The data:
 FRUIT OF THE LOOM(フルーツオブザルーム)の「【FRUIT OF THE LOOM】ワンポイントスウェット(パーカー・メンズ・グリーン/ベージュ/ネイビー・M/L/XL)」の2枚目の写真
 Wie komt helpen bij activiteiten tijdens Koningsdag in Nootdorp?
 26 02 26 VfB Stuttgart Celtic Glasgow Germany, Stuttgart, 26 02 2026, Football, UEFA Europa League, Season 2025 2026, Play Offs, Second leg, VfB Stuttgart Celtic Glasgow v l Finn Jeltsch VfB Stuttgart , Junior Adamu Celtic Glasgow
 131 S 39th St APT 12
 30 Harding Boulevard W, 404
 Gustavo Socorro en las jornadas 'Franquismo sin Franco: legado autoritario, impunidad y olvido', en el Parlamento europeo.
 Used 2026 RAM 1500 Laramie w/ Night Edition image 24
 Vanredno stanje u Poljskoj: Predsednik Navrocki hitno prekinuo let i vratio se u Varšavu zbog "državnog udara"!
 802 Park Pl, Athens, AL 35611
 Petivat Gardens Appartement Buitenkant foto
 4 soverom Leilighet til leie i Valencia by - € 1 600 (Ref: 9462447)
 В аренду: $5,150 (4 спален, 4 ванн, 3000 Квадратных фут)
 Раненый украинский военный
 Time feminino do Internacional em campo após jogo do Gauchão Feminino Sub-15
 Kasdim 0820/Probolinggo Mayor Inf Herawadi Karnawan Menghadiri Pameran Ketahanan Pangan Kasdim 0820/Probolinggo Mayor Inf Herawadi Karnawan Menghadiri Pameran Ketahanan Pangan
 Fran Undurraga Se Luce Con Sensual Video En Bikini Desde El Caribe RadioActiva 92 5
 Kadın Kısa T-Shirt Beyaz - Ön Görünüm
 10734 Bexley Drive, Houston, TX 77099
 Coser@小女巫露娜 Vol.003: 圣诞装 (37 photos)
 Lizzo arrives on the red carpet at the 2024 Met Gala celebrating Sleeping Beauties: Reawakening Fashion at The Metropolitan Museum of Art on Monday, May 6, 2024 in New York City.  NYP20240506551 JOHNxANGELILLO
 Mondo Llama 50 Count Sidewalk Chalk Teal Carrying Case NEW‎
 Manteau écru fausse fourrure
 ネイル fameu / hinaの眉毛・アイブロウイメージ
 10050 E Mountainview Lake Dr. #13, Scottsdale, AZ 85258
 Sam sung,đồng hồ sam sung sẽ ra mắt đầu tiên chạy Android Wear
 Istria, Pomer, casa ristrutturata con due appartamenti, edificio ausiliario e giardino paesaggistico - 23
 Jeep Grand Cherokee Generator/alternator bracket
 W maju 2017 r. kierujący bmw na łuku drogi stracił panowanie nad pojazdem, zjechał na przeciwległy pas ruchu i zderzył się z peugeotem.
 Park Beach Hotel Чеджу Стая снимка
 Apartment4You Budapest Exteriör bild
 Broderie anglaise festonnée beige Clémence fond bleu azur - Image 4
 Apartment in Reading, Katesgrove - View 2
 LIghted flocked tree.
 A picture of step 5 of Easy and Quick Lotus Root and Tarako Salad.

Your assignment:
Your output must be the lines of the material above, from the first through the line that contains "Sam sung,đồng hồ", copied exactly. Include both endpoints and nothing else.

Answer to the exercise:
 FRUIT OF THE LOOM(フルーツオブザルーム)の「【FRUIT OF THE LOOM】ワンポイントスウェット(パーカー・メンズ・グリーン/ベージュ/ネイビー・M/L/XL)」の2枚目の写真
 Wie komt helpen bij activiteiten tijdens Koningsdag in Nootdorp?
 26 02 26 VfB Stuttgart Celtic Glasgow Germany, Stuttgart, 26 02 2026, Football, UEFA Europa League, Season 2025 2026, Play Offs, Second leg, VfB Stuttgart Celtic Glasgow v l Finn Jeltsch VfB Stuttgart , Junior Adamu Celtic Glasgow
 131 S 39th St APT 12
 30 Harding Boulevard W, 404
 Gustavo Socorro en las jornadas 'Franquismo sin Franco: legado autoritario, impunidad y olvido', en el Parlamento europeo.
 Used 2026 RAM 1500 Laramie w/ Night Edition image 24
 Vanredno stanje u Poljskoj: Predsednik Navrocki hitno prekinuo let i vratio se u Varšavu zbog "državnog udara"!
 802 Park Pl, Athens, AL 35611
 Petivat Gardens Appartement Buitenkant foto
 4 soverom Leilighet til leie i Valencia by - € 1 600 (Ref: 9462447)
 В аренду: $5,150 (4 спален, 4 ванн, 3000 Квадратных фут)
 Раненый украинский военный
 Time feminino do Internacional em campo após jogo do Gauchão Feminino Sub-15
 Kasdim 0820/Probolinggo Mayor Inf Herawadi Karnawan Menghadiri Pameran Ketahanan Pangan Kasdim 0820/Probolinggo Mayor Inf Herawadi Karnawan Menghadiri Pameran Ketahanan Pangan
 Fran Undurraga Se Luce Con Sensual Video En Bikini Desde El Caribe RadioActiva 92 5
 Kadın Kısa T-Shirt Beyaz - Ön Görünüm
 10734 Bexley Drive, Houston, TX 77099
 Coser@小女巫露娜 Vol.003: 圣诞装 (37 photos)
 Lizzo arrives on the red carpet at the 2024 Met Gala celebrating Sleeping Beauties: Reawakening Fashion at The Metropolitan Museum of Art on Monday, May 6, 2024 in New York City.  NYP20240506551 JOHNxANGELILLO
 Mondo Llama 50 Count Sidewalk Chalk Teal Carrying Case NEW‎
 Manteau écru fausse fourrure
 ネイル fameu / hinaの眉毛・アイブロウイメージ
 10050 E Mountainview Lake Dr. #13, Scottsdale, AZ 85258
 Sam sung,đồng hồ sam sung sẽ ra mắt đầu tiên chạy Android Wear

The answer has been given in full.